Legend has it that at the opening match of USA ’94, between Germany and Bolivia, some of the local fans, ignorant of the rules of the game, began to leave the stadium after Jurgen Klinsmann’s opening goal believing that in football the first goal is the winning goal.

I can only assume that the Lincoln City squad suffers from the same confusion over the rules. Once again against Kettering we conceded and simply stopped playing. Just like Darlington (where the killer blow came after 30 seconds), Kidderminster and numerous games last season, as soon as we go a goal behind, we stop. Game over.

There are two Lincoln City’s (Cities?). The first is the one which was on the field between the first and sixty third minutes of the game. They outclassed the excuse for a football team that was put on the field against them. Without the intervention of the excellent goalkeeper and the post on two occasions we’d have gone into the break with a comfortable lead, and one which would have been fully deserved.

The second Lincoln City is the one that visibly surrendered as soon as Kettering snuck a goal with their first shot of the game. It seems to me that our problem isn’t tactical, or in personnel, or the manager.
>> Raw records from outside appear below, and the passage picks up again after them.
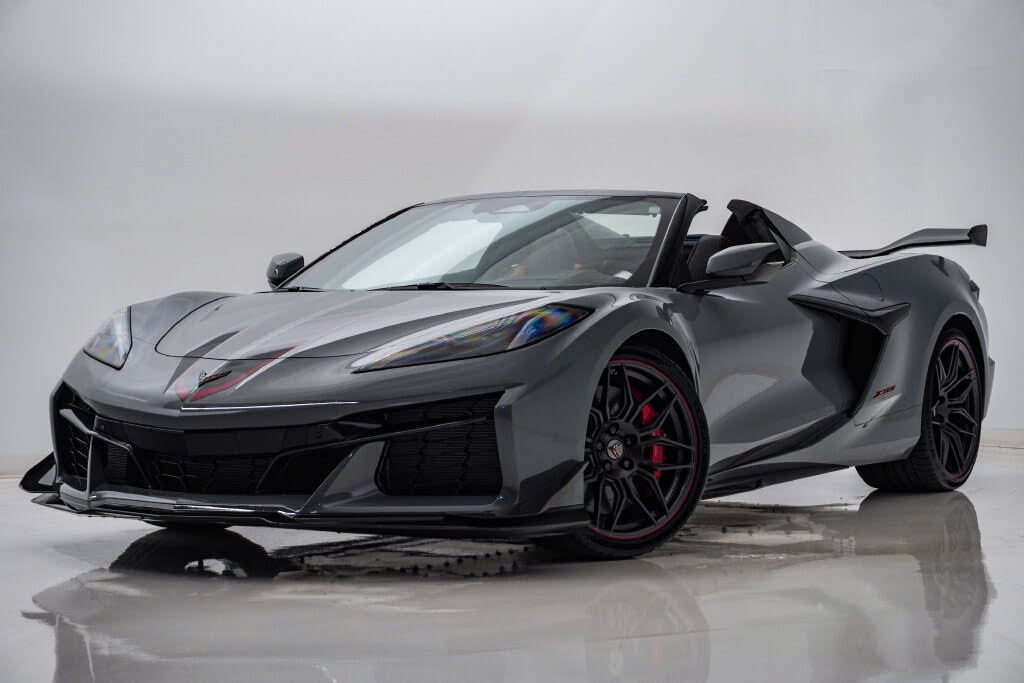 2025 Chevrolet Corvette Z06 for sale in Downers Grove, IL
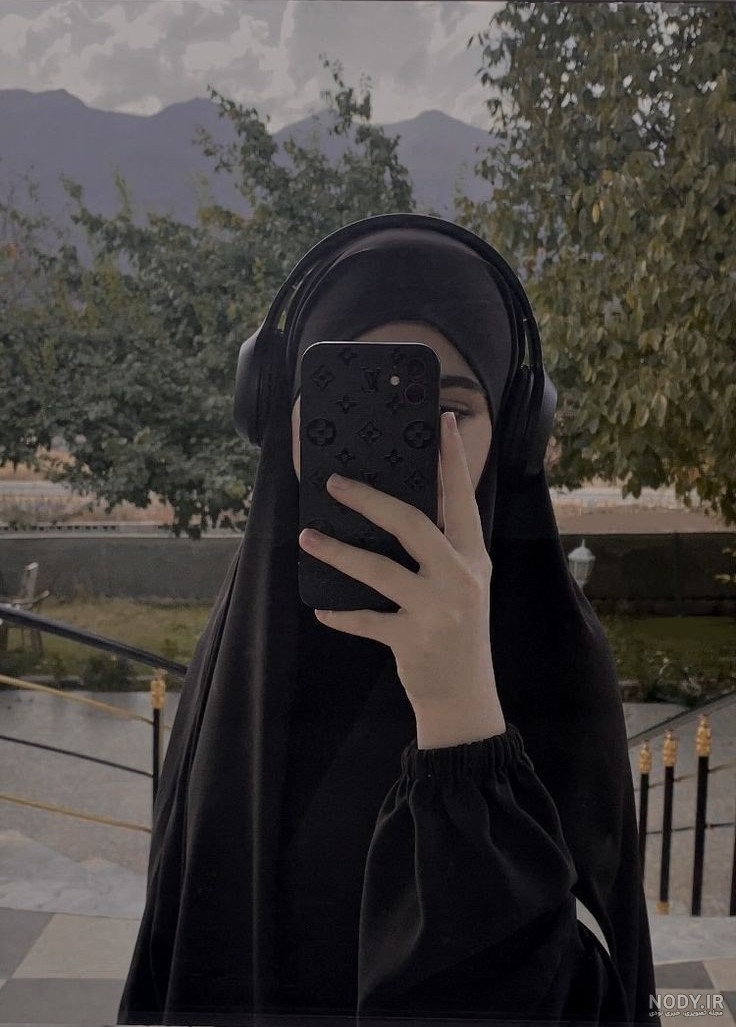 بهترین عکس پروفایل دخترونه اسلامی شیک و جدید برای سال 2025 و 1404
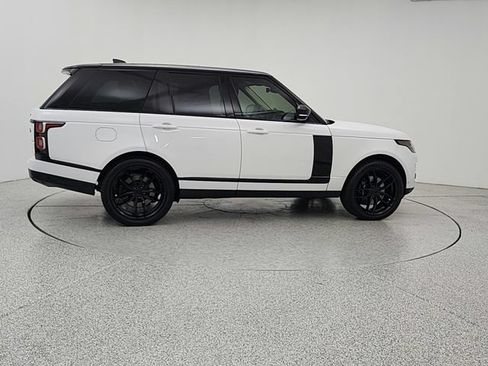 Used 2021 Land Rover Range Rover P525 Westminster Edition AWD/4WD image 4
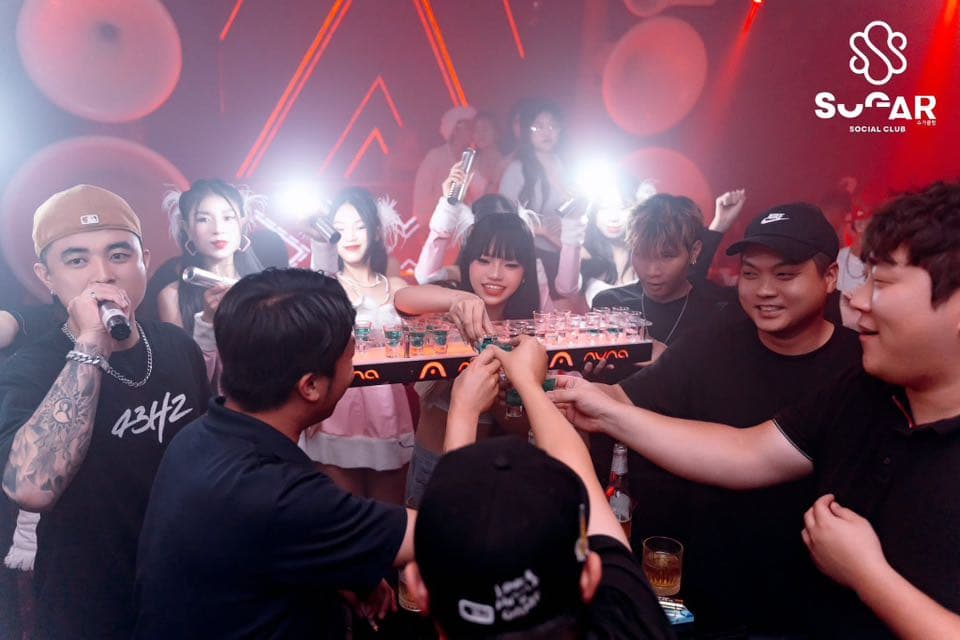Sugar Social Club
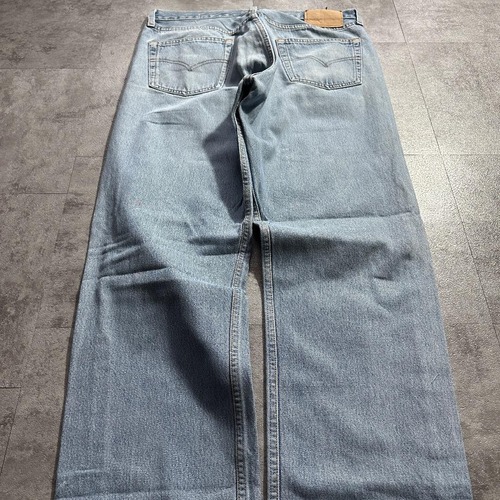 【W36 L36】90s USA製 levi's リーバイス 501 詳細写真14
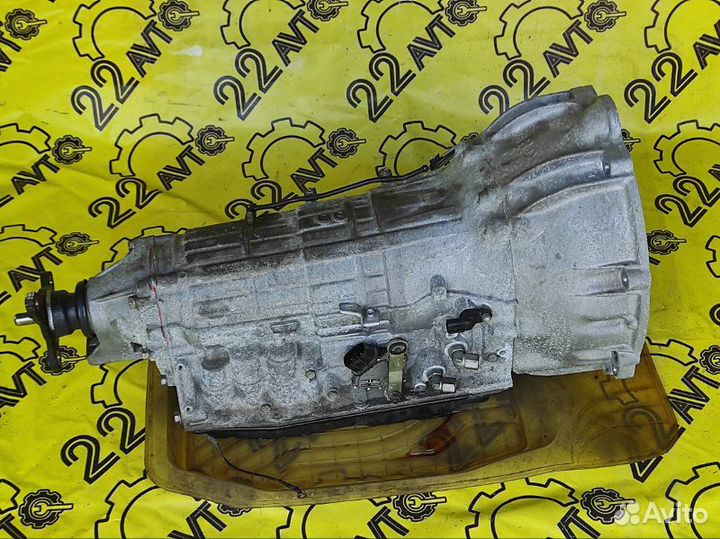 АКПП Lexus Gs430 UZS190 3UZ-FE 2005.10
Our problem is mental. We believe we’re going to lose when we go behind, fans and players alike. The groan that went round Sincil Bank when Kettering took the lead said it all. I almost stood up and left, there was simply no way we were getting anything from that game at that point.

I’m not yet on board the ever growing “Tilson must go” bandwagon (can we afford to sack him? who can we get in instead?) but…it’s not going to be long. And I simply don’t see how a group of players this low on confidence can be turned around.

Question of the day: What greater power has Lincoln City football club and it’s fans angered to merit this punishment? Who do I have to sacrifice a goat to for a home win?

Man of the match: Thought Alan Power thoroughly deserved the nod from the sponsors.

Fast improving “see, I told you he was alright” player of the game: Ali Fuseini. A class above at this level.

The opposition: The worst team I’ve ever seen. And they beat us. Enough said.